At one point in “It Started as a Joke,” H. Jon Benjamin recalls how he was first introduced to Eugene Mirman or rather Mirman introduced himself to him, belligerently stomping towards his table at a restaurant to pick up a half-eaten pork chop off his plate, taking a bite and declaring, “This is unacceptable” before stomping right back out before even uttering his name. It was love at first sight, the kind of bold, weird comic bit that might not have been everybody’s cup of tea, but certainly made him beloved among other comedians, though it’s a little hard to square with the gentle giant we see making eggs and playing around with his young son and his wife in Cape Cod at the start of Julie Smith Clem and Ken Druckerman‘s lovely and unexpectedly moving profile.

Mirman is no less fearless than he once was, but as “It Started as a Joke” comes to show, it was a different time in his life, one that’s coming to a close when Smith Clem, a longtime collaborator, turns on her camera to capture the 10th and final Eugene Mirman Comedy Festival, an event Mirman initially hatched as a spoof of other comedy festivals. With acts built around such topics as “Yikes! Half of These Comedians Were Born Before ‘Police Academy 2’ Came Out” and “I’ll Be Famous in Five Years (Or An Audience Coordinator for a Sitcom),” it became a serious event in the comedy world, even if nothing else about it was in giving the room to the likes of Kristen Schaal and Kumail Nanjiani to explore their wildest ideas, and as Michael Showalter notes in the film, Mirman didn’t only have a unique sense of humor, but a different attitude towards his profession than most others – in the wake of the comedian-driven sitcom smashes of the late ‘90s when most saw standup comedy as a stepping stone to a steady paycheck on television, Mirman was far more interested in building a platform than standing atop it.

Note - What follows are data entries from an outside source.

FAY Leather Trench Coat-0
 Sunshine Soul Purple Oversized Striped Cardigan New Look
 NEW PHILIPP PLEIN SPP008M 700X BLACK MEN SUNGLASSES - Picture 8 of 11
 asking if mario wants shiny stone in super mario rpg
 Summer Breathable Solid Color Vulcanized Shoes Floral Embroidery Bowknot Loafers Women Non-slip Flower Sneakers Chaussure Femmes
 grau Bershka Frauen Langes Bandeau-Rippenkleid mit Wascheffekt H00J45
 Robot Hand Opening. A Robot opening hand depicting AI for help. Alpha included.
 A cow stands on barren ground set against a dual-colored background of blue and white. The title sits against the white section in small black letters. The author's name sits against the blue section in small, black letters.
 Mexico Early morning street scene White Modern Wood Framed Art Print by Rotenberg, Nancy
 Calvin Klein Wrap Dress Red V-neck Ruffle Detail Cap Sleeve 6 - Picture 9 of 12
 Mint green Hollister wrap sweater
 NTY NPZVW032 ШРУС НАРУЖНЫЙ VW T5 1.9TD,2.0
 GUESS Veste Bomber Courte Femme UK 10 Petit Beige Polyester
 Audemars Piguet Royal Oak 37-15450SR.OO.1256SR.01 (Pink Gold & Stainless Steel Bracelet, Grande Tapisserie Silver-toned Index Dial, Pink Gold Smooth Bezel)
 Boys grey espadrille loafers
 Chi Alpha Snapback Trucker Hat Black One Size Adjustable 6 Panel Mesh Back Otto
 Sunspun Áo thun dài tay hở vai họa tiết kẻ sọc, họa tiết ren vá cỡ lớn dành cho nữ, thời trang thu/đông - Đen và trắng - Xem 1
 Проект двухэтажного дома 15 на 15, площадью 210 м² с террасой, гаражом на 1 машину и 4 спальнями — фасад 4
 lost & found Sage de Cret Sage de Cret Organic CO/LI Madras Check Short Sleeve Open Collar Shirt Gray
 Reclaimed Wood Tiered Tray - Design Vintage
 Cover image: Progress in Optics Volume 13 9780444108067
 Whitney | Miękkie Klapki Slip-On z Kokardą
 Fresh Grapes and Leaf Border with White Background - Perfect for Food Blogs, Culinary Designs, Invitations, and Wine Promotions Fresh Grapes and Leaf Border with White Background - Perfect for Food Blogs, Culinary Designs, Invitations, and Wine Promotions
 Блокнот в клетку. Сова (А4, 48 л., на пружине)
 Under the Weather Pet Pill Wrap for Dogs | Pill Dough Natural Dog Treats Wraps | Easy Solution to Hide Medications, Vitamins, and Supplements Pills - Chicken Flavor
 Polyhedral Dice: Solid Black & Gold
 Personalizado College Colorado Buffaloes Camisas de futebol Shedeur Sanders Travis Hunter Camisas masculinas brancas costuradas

That generosity is reflected in how “It Started As a Joke” isn’t much of a biography, though it eventually delve deeply into Mirman’s personal life, but instead a beautiful illustration of a cultural moment that was created together when you see pretty much every major present-day comedian working their way up from Mirman’s first foray in showcasing other comics, “Invite Them Up,” to the annual event at the Bell House in Gowanus. It would’ve been enough to simply play clips from past years and show a few routines from the emotional final show to make for an engaging documentary, but “It Started As a Joke” becomes far more, slyly ambitious in looking at this particular Petri dish for alternative comedy to ask what a joke can be and chronicling a time of real innovation for the form. One of the funniest scenes in the movie is simply having Michael Che show up for the festival to read off the premises for “Saturday Night Live” sketches he’s pitched that were rejected without much commentary and Janeane Garofalo is unsparingly candid in describing herself as a “filibusterer” instead of a joke-teller, with the film wisely devoting time to seeing how she feeds off the audience and vice versa during a conversational set.

The filmmakers honor the organic quality of what Mirman birthed with a poignance that sneaks up on you and even perhaps the performers themselves. Nearly half the comedians who show up for the final concert including Jon Glaser, Bobcat Goldthwait, Jim Gaffigan and Mirman himself say some variation on “I wasn’t planning to talk about this tonight” before launching into raw, stream of consciousness monologues that are both blisteringly funny and remarkably intimate in perhaps the ultimate testament to what comedy can be. Though you suspect Mirman’s inspiration hasn’t waned with a decade of festivals behind him, you can leave satisfied that there’s nothing left for him to prove and in giving audiences a peek behind the curtain, “It Started As a Joke” really makes it feel like you’ve been privy to something special, not only in terms of comedy, but in terms of the potential of people.

“It Started As a Joke” will screen at SXSW on March 14th at 8:45 pm at the Alamo Ritz 1.